Again we set up a scheme. This time we use `DefaultScheme`, which includes shooting moves, replica exchange, path reversals, minus moves, and shooting in the multiple state outer interface (if one exists). Note that we use the same network, just a different move scheme.

In [None]:
scheme = paths.DefaultScheme(mstis, engine=engine).named("full TIS")

### Setting up additional intial conditions

Unlike the equilibration scheme we used, `DefaultScheme` involves the multiple state outer interface and the minus interfaces. Our current sample set doesn't have them:

In [None]:
print(scheme.initial_conditions_report(sset))

#### Minus interface ensemble

The minus interface ensembles do not yet have a trajectory. We will generate them by starting with same-state trajectories (A-to-A, B-to-B, C-to-C) in each interface, and extending into the minus ensemble.

* check whether the traj is A-to-A
* extend

First we need to make sure that the trajectory in the innermost ensemble of each state also ends in that state. This is necessary so that when we extend the trajectory, it can extends into the minus ensemble.

If the trajectory isn't right, we run a shooting move on it until it is.

In [None]:
# this first part is only really important when not working interactively
# interactively, you can probably find an appropriate trajectory on your own
for transition in mstis.sampling_transitions:
    innermost_ensemble = transition.ensembles[0]
    shooter = None
    if not transition.stateA(sset[innermost_ensemble].trajectory[-1]):
        shooter = paths.OneWayShootingMover(ensemble=innermost_ensemble,
                                            selector=paths.UniformSelector(),
                                            engine=engine)
        pseudoscheme = paths.LockedMoveScheme(root_mover=shooter)
        pseudosim = paths.PathSampling(storage=None, 
                                       move_scheme=pseudoscheme, 
                                       sample_set=sset,
                                      )
    while not transition.stateA(sset[innermost_ensemble].trajectory[-1]):
        pseudosim.run(1)
        sset = pseudosim.sample_set

Now that all the innermost ensembles are safe to use for extending into a minus interface, we extend them into a minus interface:

In [None]:
minus_samples = []
for transition in mstis.sampling_transitions:
    minus_samples.append(transition.minus_ensemble.extend_sample_from_trajectories(
        sset[transition.ensembles[0]].trajectory,
        replica=-len(minus_samples)-1,
        engine=engine
    ))
sset = sset.apply_samples(minus_samples)

In [None]:
print(scheme.initial_conditions_report(sset))

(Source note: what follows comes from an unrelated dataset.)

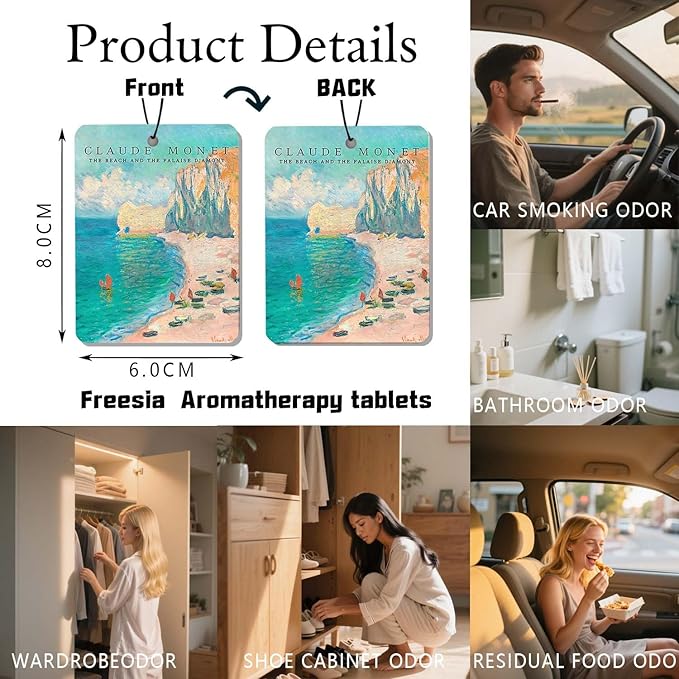 Art Car Air Freshener 4Pcs,Monet's paintings Lover Mom Lady Gifts for Bathroom Bedroom,Art Lover Gift Air Freshener Hanging in Car Wardrobe Drawer or Book.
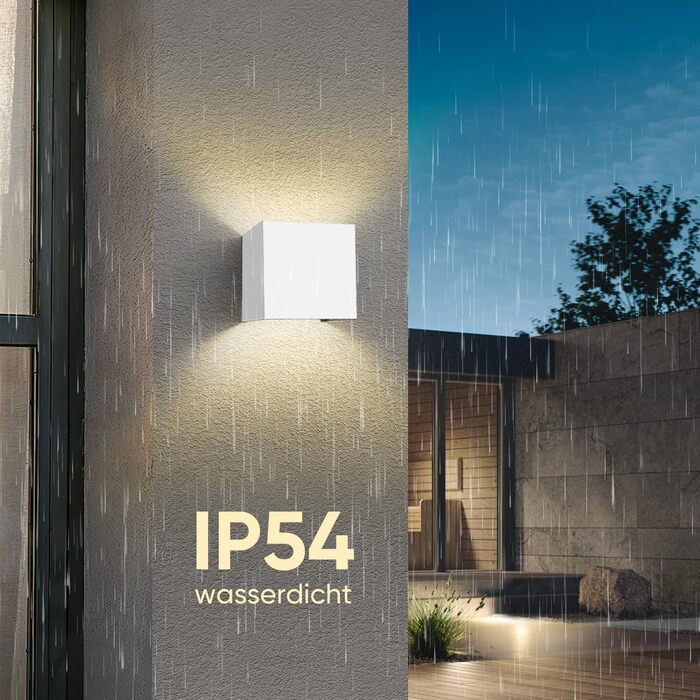 2 Pack LED Wall Light 12W, Indoor/Outdoor Aluminum Wall Lamp Adjustable Beam, 3000K Warm White Outdoor Wall Light IP54 for Living Room Bedroom Garden (White)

#### Mutliple state outer ensemble (`UnionEnsemble`)

The missing ensemble is the multiple state outer ensemble. As it happens, there's actually a trajectory from the initial file that will satisfy it:

In [None]:
sset = scheme.initial_conditions_from_trajectories(
    trajectories=[s.trajectory for s in old_sampleset.samples],
    sample_set=sset
)

Note the differences between this and when we filled the equilibration list: first, the ensembles that get filled by `MoveScheme.initial_conditions_from_trajectories` depend on which ensembles are used by the move scheme. The network may define ensembles that are unused. Second, here we want to keep most of the sample set unchanged, so we give an initial sample set. In this case, the method only appends new samples.

## Running RETIS

Now we have our initial conditions, so we'll make the storage and run the full calculation. 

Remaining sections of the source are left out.